Start of Dataset content

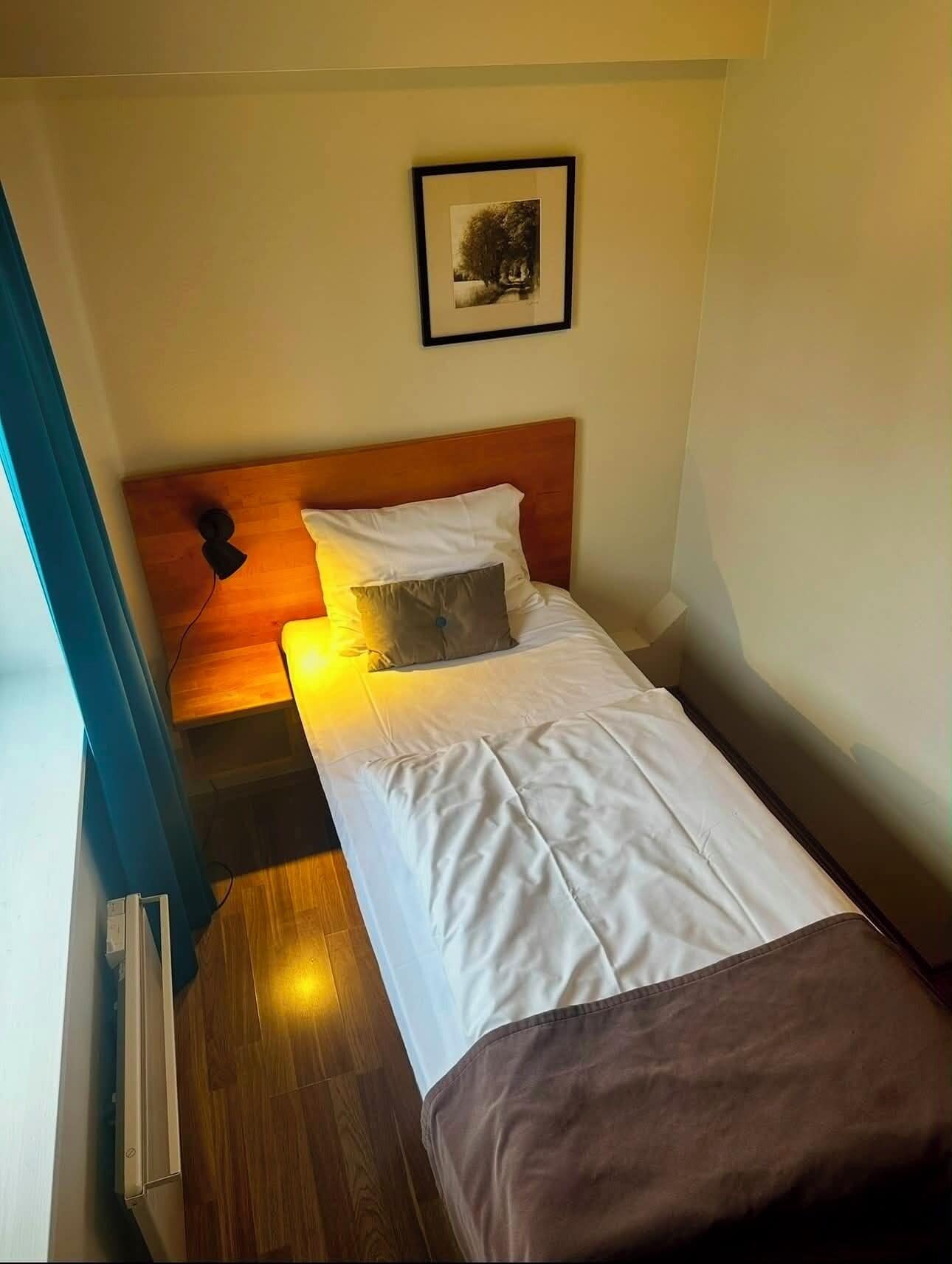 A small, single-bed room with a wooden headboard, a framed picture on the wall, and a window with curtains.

End of Dataset content
Start of Dataset content

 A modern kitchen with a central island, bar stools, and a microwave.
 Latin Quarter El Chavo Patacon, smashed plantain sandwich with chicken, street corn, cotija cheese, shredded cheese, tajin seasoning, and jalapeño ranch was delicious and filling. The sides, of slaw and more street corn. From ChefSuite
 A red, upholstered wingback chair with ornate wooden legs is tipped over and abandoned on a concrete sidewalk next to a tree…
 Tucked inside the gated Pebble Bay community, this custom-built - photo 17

End of Dataset content
Start of Dataset content

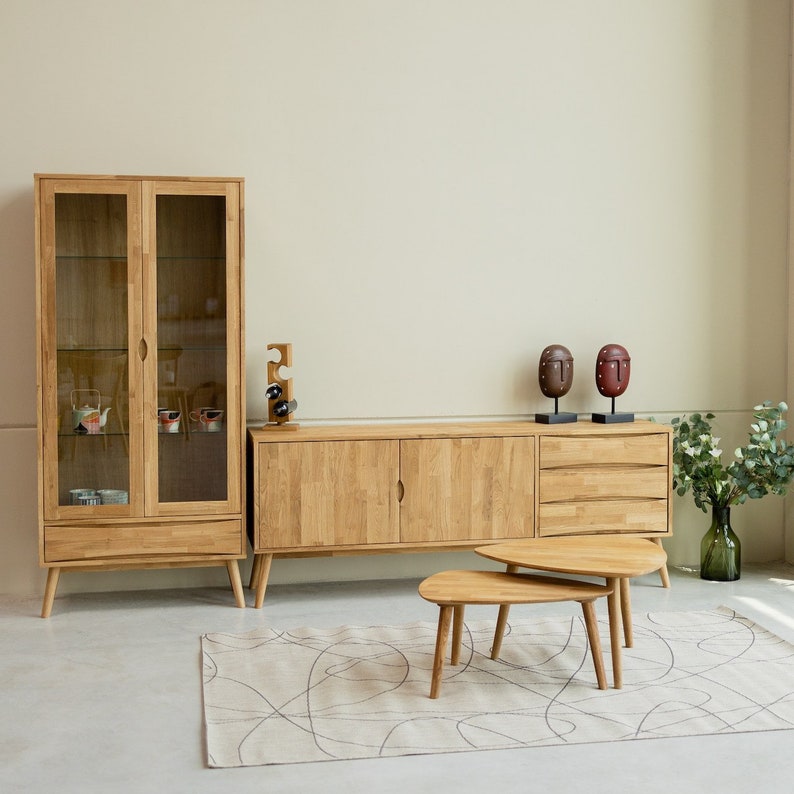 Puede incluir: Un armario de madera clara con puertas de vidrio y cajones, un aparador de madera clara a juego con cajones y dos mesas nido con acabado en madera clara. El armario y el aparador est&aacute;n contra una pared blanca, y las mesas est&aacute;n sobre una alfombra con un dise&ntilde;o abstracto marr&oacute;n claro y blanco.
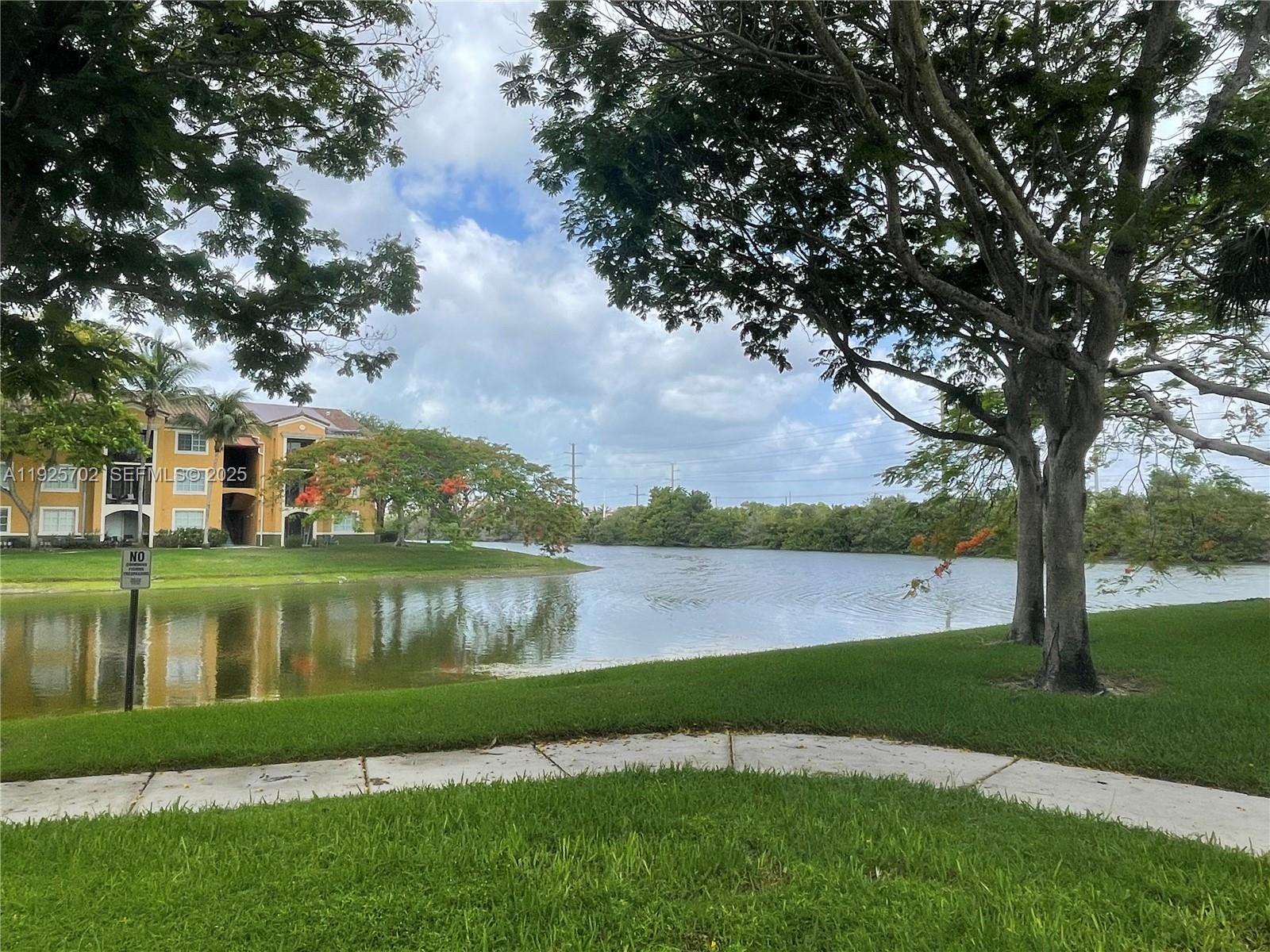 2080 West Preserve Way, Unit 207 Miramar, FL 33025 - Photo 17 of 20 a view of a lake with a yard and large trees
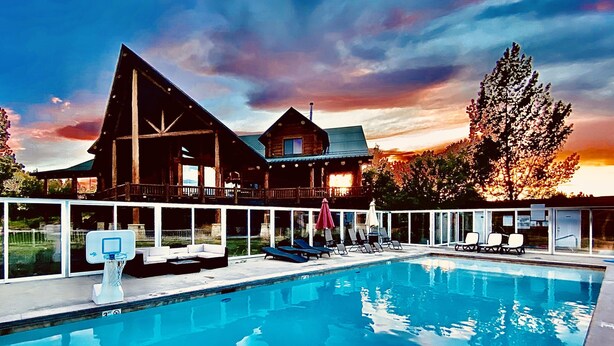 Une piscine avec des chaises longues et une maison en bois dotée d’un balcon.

End of Dataset content

### Problem requirements
Here the job is to copy the listing above word for word, starting at the line with "2080 West Preserve" and ending at the line with "Une piscine avec", and to leave out the pictures.

### Worked solution
 2080 West Preserve Way, Unit 207 Miramar, FL 33025 - Photo 17 of 20 a view of a lake with a yard and large trees
 Une piscine avec des chaises longues et une maison en bois dotée d’un balcon.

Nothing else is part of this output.